═══ Supplied material

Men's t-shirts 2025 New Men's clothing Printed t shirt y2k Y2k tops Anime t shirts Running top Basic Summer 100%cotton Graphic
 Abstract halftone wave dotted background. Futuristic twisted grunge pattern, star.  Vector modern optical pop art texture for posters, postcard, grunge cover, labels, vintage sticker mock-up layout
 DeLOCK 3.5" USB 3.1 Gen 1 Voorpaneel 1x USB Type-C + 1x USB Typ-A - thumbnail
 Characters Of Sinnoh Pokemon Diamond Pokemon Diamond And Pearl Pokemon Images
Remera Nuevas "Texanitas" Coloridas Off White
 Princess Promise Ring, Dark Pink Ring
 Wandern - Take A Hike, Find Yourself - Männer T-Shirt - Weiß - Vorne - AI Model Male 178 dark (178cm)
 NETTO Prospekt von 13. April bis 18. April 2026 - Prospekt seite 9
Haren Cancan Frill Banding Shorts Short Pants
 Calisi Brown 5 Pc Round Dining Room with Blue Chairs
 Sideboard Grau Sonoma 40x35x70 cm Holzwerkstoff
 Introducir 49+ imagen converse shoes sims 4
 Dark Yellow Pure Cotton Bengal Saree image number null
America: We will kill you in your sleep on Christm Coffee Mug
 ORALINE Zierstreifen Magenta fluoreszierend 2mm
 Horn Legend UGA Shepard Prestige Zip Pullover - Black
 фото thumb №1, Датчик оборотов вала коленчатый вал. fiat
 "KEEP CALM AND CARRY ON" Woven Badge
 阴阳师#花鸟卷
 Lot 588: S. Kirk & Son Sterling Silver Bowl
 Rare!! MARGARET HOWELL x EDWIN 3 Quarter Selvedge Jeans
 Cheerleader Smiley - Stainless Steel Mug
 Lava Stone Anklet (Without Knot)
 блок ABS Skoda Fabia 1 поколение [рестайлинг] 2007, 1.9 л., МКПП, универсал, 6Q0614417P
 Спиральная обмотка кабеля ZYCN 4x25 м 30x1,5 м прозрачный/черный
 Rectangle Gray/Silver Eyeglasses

══════

**Problem requirements**
Look through the listing above and copy each line with the word "Silver" in it.

**Your solution**
 Lot 588: S. Kirk & Son Sterling Silver Bowl
 Rectangle Gray/Silver Eyeglasses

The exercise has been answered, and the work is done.